Genome-wide association study of depression phenotypes in UK Biobank (n = 322,580) identifies the enrichment of variants in excitatory synaptic pathways

David M. Howard; Mark J. Adams; Masoud Shirali; Toni-Kim Clarke; Riccardo E. Marioni; Gail Davies; Jonathan R. I. Coleman; Clara Alloza; Xueyi Shen; Miruna C. Barbu; Eleanor M. Wigmore; Jude Gibson; Saskia P. Hagenaars; Cathryn M. Lewis; Daniel J. Smith; Patrick F. Sullivan; Chris S. Haley; Gerome Breen; Ian J. Deary; Andrew M. McIntosh

doi:10.1101/168732

Abstract

Depression is a polygenic trait that causes extensive periods of disability and increases the risk of suicide, a leading cause of death in young people. Previous genetic studies have identified a number of common risk variants which have increased in number in line with increasing sample sizes. We conducted a genome-wide association study (GWAS) in the largest single population-based cohort to date, UK Biobank. This allowed us to estimate the effects of ≈ 8 million genetic variants in 320,000 people for three depression phenotypes: broad depression, probable major depressive disorder (MDD), and International Classification of Diseases (ICD, version 9 or 10)-coded MDD. Each phenotype was found to be significantly genetically correlated with the results from a previous independent study of clinically defined MDD. We identified 14 independent loci that were significantly associated (P < 5 × 10⁻⁸) with broad depression, two independent variants for probable MDD, and one independent variant for ICD-coded MDD. Gene-based analysis of our GWAS results with MAGMA revealed 46 regions significantly associated (P < 2.77 × 10⁻⁶) with broad depression, two significant regions for probable MDD and one significant region for ICD-coded MDD. Gene region-based analysis of our GWAS results with MAGMA revealed 59 regions significantly associated (P < 6.02 × 10⁻⁶) with broad depression, of which 27 were also detected by gene-based analysis. Variants for broad depression were enriched in pathways for excitatory neurotransmission, mechanosensory behavior, postsynapse, neuron spine and dendrite. This study provides a number of novel genetic risk variants that can be leveraged to elucidate the mechanisms of MDD and low mood.

Introduction

Depression is ranked as the largest contributor to global disability affecting 322 million people¹. The heritability (h²) of major depressive disorder (MDD) is estimated at 37% from twin studies² and common single nucleotide polymorphisms (SNPs) contribute approximately 9% to variation in liability³, providing strong evidence of a genetic contribution to its causation. Previous genetic association studies have used a number of depression phenotypes, including self-declared depression⁴, clinician diagnosed MDD⁵ and depression ascertained via hospital records⁶, with some evidence of overlapping genetic architecture between a subset of these definitions. Different definitions of depression are rarely included in large sample studies, although UK Biobank is an exception. The favouring of greater sample size over clinical precision has yielded a steady increase over time in the number of variants for ever more diverse MDD phenotypes^3-5,7. In the current paper, we extend this approach to the study of three depression-related phenotypes within the large UK Biobank cohort and identify new disease biology based upon our findings.
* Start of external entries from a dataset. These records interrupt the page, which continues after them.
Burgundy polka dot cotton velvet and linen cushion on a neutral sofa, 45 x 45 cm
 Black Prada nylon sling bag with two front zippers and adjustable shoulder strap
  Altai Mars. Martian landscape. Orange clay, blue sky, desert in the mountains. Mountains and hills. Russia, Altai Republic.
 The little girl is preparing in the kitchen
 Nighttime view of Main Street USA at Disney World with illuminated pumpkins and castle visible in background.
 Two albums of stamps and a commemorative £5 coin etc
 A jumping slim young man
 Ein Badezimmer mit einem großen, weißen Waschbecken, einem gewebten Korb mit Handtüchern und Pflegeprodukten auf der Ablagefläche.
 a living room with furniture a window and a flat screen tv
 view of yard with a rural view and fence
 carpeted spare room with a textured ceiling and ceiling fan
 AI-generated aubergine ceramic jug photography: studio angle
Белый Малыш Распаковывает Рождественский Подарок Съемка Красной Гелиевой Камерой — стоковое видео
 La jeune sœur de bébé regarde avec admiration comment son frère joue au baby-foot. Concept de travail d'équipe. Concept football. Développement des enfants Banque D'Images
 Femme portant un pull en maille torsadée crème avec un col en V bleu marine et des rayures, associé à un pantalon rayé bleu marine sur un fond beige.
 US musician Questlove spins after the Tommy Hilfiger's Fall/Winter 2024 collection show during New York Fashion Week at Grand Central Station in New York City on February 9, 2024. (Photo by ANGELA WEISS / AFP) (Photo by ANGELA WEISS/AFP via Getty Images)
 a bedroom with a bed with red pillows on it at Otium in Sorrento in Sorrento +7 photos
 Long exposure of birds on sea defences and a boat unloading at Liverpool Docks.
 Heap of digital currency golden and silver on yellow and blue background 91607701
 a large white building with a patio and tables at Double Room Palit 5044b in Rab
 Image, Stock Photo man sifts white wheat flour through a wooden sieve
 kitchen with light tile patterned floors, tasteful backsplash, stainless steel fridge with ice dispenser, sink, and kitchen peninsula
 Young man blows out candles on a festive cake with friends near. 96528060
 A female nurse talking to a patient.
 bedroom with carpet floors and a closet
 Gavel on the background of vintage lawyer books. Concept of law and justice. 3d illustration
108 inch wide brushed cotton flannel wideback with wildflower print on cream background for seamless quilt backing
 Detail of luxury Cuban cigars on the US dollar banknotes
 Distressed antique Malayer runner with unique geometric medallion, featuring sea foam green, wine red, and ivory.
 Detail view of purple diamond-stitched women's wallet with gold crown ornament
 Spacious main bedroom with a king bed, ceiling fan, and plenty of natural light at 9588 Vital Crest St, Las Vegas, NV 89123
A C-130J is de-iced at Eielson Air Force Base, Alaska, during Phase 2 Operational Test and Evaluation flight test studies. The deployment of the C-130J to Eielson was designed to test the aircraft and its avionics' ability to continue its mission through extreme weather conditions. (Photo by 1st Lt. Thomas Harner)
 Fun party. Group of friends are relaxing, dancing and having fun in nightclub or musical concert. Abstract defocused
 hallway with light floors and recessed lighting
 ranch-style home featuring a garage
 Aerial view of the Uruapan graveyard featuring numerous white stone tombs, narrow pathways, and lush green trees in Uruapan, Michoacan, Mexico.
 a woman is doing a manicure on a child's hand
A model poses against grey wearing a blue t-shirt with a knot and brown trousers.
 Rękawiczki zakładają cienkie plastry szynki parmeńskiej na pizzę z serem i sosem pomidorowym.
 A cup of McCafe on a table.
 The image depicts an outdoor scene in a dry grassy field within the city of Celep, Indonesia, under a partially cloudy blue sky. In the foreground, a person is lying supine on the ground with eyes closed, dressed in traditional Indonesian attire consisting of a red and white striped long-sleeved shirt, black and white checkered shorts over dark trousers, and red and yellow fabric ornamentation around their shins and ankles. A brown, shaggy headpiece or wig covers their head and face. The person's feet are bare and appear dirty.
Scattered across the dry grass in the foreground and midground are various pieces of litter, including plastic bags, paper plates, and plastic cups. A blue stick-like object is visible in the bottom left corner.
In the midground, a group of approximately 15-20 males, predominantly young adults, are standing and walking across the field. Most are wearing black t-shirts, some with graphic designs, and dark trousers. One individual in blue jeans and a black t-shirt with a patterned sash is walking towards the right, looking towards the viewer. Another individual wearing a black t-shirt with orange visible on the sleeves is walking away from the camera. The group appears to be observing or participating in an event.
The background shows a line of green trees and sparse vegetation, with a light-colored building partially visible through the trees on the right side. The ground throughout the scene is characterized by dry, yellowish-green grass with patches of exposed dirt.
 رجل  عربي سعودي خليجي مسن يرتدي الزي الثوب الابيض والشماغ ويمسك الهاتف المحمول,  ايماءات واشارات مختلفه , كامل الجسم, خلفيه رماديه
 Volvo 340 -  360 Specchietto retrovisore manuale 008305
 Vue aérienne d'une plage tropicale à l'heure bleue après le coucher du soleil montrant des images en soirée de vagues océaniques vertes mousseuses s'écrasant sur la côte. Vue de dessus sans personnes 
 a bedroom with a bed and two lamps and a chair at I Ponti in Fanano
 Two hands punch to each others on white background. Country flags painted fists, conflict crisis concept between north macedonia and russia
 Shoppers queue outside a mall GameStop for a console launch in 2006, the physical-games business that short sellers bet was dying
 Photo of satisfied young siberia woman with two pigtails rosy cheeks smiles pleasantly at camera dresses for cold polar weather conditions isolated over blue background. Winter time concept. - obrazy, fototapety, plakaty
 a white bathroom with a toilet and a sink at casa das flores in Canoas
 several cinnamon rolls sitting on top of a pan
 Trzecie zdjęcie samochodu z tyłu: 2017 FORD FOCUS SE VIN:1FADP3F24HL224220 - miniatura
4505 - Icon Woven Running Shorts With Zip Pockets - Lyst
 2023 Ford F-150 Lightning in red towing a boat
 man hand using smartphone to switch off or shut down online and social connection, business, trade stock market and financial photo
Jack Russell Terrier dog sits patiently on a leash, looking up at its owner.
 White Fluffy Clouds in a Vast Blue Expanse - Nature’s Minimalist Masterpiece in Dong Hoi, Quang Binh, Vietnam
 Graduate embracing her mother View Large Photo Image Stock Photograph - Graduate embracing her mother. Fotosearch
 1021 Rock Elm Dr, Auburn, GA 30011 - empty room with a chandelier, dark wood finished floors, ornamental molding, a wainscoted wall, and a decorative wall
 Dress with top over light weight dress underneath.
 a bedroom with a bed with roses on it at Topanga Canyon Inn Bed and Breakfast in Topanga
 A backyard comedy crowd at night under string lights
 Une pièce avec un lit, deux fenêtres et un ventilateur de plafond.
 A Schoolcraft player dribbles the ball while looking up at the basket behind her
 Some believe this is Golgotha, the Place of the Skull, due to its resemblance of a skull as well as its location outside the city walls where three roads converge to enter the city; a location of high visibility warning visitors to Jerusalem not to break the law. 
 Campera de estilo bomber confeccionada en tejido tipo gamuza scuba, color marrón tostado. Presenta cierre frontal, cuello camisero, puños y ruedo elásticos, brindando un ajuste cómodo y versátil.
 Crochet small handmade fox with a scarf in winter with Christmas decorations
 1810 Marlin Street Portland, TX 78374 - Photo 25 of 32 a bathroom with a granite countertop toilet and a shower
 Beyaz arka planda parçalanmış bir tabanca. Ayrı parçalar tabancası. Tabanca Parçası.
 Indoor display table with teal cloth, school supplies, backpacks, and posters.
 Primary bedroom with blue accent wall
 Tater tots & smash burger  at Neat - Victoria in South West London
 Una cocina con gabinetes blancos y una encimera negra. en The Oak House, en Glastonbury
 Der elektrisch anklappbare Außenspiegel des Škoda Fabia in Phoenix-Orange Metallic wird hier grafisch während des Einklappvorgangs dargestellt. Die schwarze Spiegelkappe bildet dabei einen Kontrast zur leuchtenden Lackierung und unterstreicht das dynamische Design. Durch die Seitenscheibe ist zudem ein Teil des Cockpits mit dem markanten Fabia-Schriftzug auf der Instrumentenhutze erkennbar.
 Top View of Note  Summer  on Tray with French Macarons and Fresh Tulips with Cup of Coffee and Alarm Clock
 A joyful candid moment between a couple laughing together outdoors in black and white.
The UK Biobank cohort provides data on over 500,000 individuals and represents an opportunity to conduct the largest genome-wide association study (GWAS) of depression to date within a single cohort. This cohort has been extensively phenotyped allowing us to derive three depression traits: self-reported past help-seeking for problems with ‘nerves, anxiety, tension or depression’ (hereby termed ‘broad depression’); self-reported depressive symptoms with associated impairment (termed ‘probable MDD’); and MDD identified from International Classification of Diseases (ICD)-9 or ICD-10 hospital admission records (termed ICD-coded MDD). We also conducted a gene-based analyses with the MAGMA software package⁸ to identify genes, regions and pathways associated with each phenotype and used GTEx⁹ to identify if the significant variants identified were expression quantitative trait loci (eQTL).

Materials and Methods

The UK Biobank cohort is a population-based cohort consisting of 501,726 individuals, recruited at 23 centres across the United Kingdom. Genotypic data was available for 488,380 individuals and was imputed with IMPUTE4 and used the HRC reference panel¹⁰ to identify ≈ 19M variants for 487,409 individuals¹¹. We excluded 131,790 related individuals based on a shared relatedness of up to the third degree using kinship coefficients (> 0.044) calculated using the KING toolset¹², and excluded a further 79,990 individuals that were either not recorded as “white British”, outliers based on heterozygosity, or had a variant call rate < 98%. We subsequently added back in one member of each group of related individuals by creating a genomic relationship matrix and selected individuals with a genetic relatedness less than 0.025 with any other participant (n = 55,745). We removed variants with a call rate < 98%, a minor allele frequency < 0.01, those that deviated from Hardy-Weinberg equilibrium (P < 10⁻⁶), or had an imputation accuracy score < 0.1 leaving a total of 7,826,341 variants for 331,374 individuals.

Extensive phenotypic data were collected for UK Biobank participants using health records, biological sampling, physical measures, and touchscreen tests and questionnaires. We used three definitions of depression in the UK Biobank sample, which are explained in greater depth in the Supplementary Information and are summarised below.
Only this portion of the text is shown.